§ What you need to do: Print the lines that run from the line with "Antique Persian Khamseh" to the line with "Carnivalcorpseexpand-Schriftart – Grüne", keeping both end lines, exactly as they appear in the entries below, and nothing else.

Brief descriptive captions
※ ※ ※

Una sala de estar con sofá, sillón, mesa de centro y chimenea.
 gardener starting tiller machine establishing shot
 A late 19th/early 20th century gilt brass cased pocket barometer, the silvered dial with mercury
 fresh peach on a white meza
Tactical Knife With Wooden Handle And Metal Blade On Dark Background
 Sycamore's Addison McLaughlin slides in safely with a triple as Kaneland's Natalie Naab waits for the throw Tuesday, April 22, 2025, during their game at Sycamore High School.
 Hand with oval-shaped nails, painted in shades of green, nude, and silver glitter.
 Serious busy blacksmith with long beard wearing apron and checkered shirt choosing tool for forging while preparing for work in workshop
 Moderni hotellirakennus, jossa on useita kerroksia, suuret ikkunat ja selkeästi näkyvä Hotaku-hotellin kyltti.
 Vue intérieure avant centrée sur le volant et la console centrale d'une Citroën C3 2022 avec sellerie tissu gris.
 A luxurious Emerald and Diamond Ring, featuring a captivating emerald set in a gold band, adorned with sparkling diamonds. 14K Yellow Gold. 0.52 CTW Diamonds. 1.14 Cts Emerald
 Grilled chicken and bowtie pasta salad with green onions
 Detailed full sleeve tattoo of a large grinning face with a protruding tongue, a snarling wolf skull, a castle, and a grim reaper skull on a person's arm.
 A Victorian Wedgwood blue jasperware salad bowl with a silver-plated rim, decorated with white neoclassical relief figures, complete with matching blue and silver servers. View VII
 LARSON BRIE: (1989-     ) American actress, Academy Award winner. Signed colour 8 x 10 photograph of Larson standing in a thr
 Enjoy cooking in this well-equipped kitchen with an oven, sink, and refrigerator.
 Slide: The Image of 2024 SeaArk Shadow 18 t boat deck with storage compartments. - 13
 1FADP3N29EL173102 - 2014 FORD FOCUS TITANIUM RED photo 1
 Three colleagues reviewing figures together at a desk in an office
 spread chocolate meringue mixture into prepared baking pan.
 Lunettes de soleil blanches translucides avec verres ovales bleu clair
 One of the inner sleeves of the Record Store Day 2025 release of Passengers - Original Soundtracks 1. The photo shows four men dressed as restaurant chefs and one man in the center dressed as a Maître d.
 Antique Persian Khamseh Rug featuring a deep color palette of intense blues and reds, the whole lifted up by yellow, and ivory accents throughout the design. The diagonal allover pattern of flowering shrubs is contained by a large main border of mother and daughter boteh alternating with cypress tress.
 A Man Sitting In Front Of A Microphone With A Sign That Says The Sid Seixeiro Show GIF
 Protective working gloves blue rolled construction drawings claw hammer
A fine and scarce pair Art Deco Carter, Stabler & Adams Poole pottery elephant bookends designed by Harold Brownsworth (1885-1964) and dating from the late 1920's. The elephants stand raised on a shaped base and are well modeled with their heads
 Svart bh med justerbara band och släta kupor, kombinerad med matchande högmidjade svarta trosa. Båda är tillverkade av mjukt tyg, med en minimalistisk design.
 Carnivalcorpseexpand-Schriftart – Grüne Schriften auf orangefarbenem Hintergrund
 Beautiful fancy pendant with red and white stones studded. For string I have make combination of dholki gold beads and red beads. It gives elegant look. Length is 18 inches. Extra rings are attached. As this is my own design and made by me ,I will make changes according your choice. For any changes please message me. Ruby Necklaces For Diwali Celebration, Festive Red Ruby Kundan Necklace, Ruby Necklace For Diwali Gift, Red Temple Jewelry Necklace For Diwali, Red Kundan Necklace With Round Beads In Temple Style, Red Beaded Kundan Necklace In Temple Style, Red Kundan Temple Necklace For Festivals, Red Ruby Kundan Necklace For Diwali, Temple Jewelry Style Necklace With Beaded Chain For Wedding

※ ※ ※

§ The completed task:
 Antique Persian Khamseh Rug featuring a deep color palette of intense blues and reds, the whole lifted up by yellow, and ivory accents throughout the design. The diagonal allover pattern of flowering shrubs is contained by a large main border of mother and daughter boteh alternating with cypress tress.
 A Man Sitting In Front Of A Microphone With A Sign That Says The Sid Seixeiro Show GIF
 Protective working gloves blue rolled construction drawings claw hammer
A fine and scarce pair Art Deco Carter, Stabler & Adams Poole pottery elephant bookends designed by Harold Brownsworth (1885-1964) and dating from the late 1920's. The elephants stand raised on a shaped base and are well modeled with their heads
 Svart bh med justerbara band och släta kupor, kombinerad med matchande högmidjade svarta trosa. Båda är tillverkade av mjukt tyg, med en minimalistisk design.
 Carnivalcorpseexpand-Schriftart – Grüne Schriften auf orangefarbenem Hintergrund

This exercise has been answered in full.